They are only closed on Christmas day (maybe a public holiday if it’s Monday-Friday) and Easter Sunday (not a public holiday).

Then there is Christmas or boxing day bank holiday, in-lieu if they fall at the weekend.

Other than that, it’s a big depends, very hard to document, but I would not blindly fill PH off without local knowledge.

1 Like

I meant opposite: in my editing I was not adding PH off clause, even when I know that POI is closed on public holidays

You should :wink:.
Some people already do some similar stuff as what you intend to do:

Currently it’s not all brands, some verified and for France. Some work consist in homogenization of shops in OSM (discrepancies in names, brands, etc…).

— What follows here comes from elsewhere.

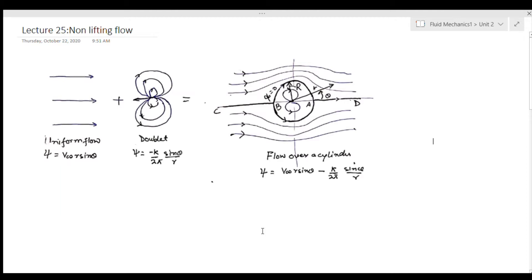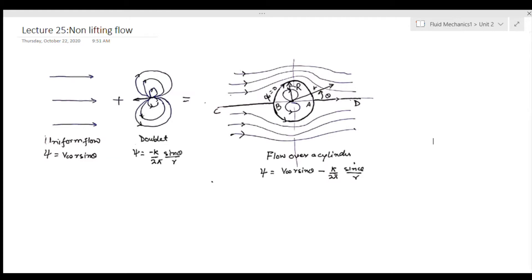During our last class we talked about flow over a doublet. We found out that it behaves like circular lobes, and a doublet is something which has some kind of sense or direction.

The earliest decision I know of is the Fixtures Marketing one EUR-Lex - 62002CJ0444 - EN - EUR-Lex but there have been a number more in which a significant investment in obtaining the material in the database has been required for protection.

Now obviously on the high seas and before the court … but it would seem to be rather difficult to argue that you made any kind of notable investment in obtaining the opening hours of your own shops.

AFAIK the LWG issued an opinion on the suitability of ATP as a data source so I’m not quite sure why the actual lawyers are being 2nd guessed here.

3 Likes

To be clear, what they actually said was “Copying the opening hours of a business from its own website is fine” and then explained why that was OK. I agree; it’s entirely reasonable to think that a business knows its own opening hours and doesn’t have to go to a third-party, but that isn’t true of everything that you might find on a website.

PS: It wasn’t me that sent the PM mentioned above; I hadn’t thought that there was (and still don’t think that there is) a licensing issue regarding “importing opening_hours from AllThePlaces” (to quote the thread title). There may be a data matching or data-out-of-date issues, but there are ways of dealing with that as discussed above.

2 Likes

I’m on the record as finding the idea problematic, it is just that the sui generis database protection argument would seem to be rather contrived (as long as it isn’t a third party site being scraped). In the UK there is naturally the sweat of the brow doctrine to be considered too, but even that would seem to be far fetched in this case.

From data quality perspective, legal status perspective, as general idea or for some other reason?

  • legal: reliance on a third party doing the right thing
  • goals: working on fixing ATP instead of OSM
  • quality: replacement of ground truth by web truth
2 Likes

I would not consider it a show stopper though. The PH property is somehow blurry anyway, because there are different kinds of holidays, some of which see all or most places closed, while others don’t. Also it may be difficult for data consumers to trace local public holidays, like those that are observed only in a single city compared to those that are observed nationwide.

2 Likes